- _Data excerpt_:
+++

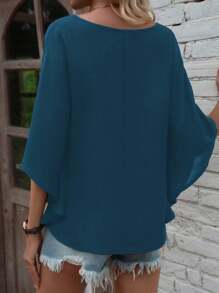 Blusa de manga corta con cuello en V y unicolor, de moda para el verano - Agua verde azul - Ver 2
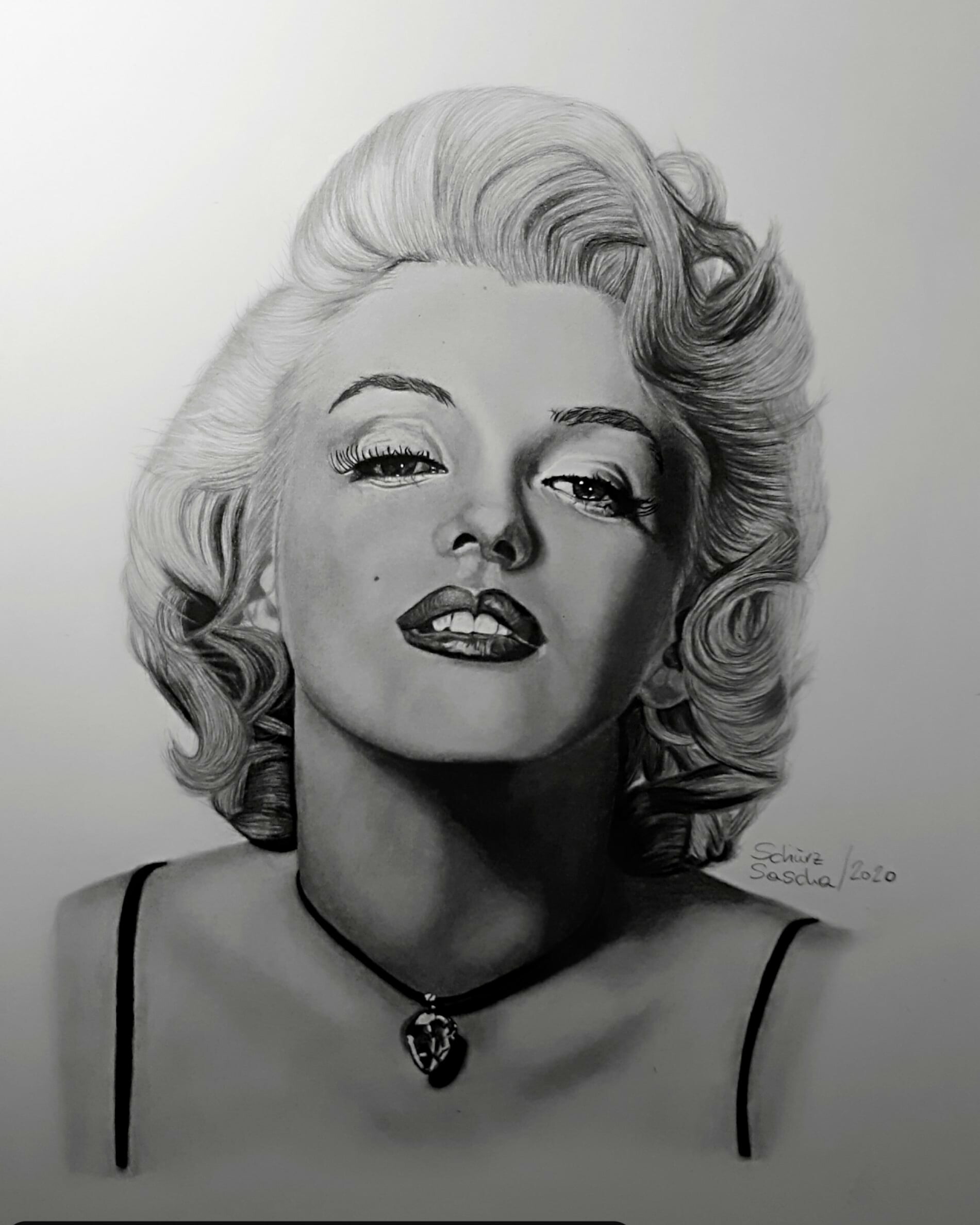 ArtStation - Marilyn Monroe drawing by Sascha Schürz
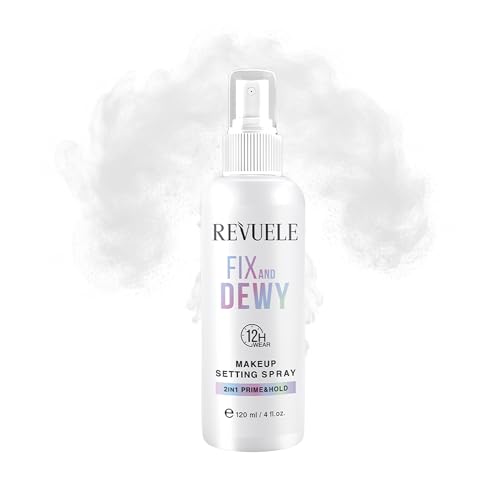 Revuele Fix & Dewy Makeup Setting Spray 4oz – 2-in-1 Primer & Hold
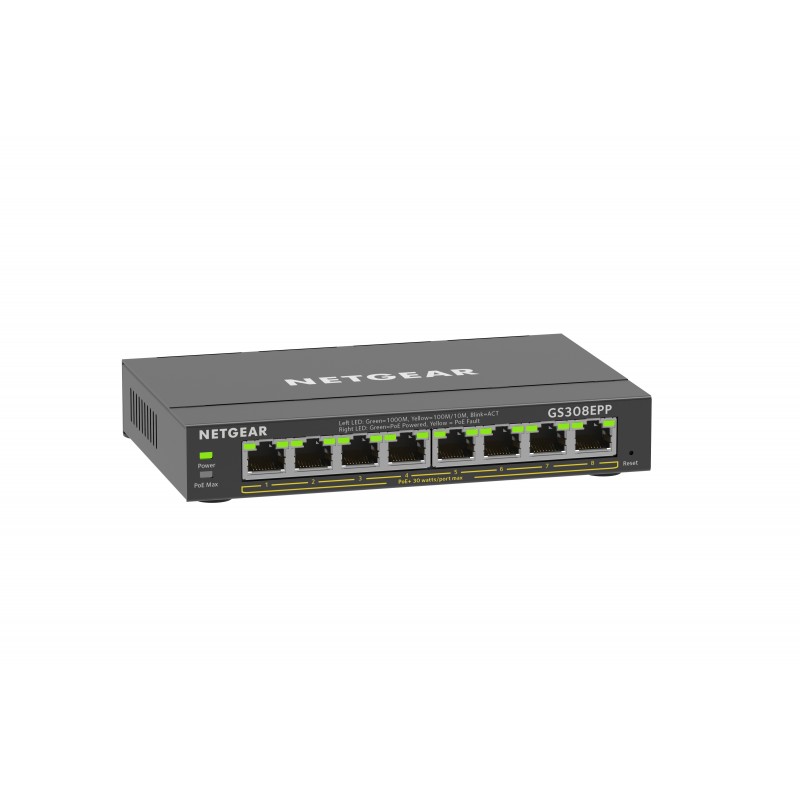 Netgear GS308EPP Gestionado L2 L3 Gigabit Ethernet (10 100 1000) Energía sobre Ethernet (PoE) Negro GS308EPP-100PES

+++

- _Exercise_: The full material above must be output verbatim, minus any pictures.

- _Answer box_:
 Blusa de manga corta con cuello en V y unicolor, de moda para el verano - Agua verde azul - Ver 2
 ArtStation - Marilyn Monroe drawing by Sascha Schürz
 Revuele Fix & Dewy Makeup Setting Spray 4oz – 2-in-1 Primer & Hold
 Netgear GS308EPP Gestionado L2 L3 Gigabit Ethernet (10 100 1000) Energía sobre Ethernet (PoE) Negro GS308EPP-100PES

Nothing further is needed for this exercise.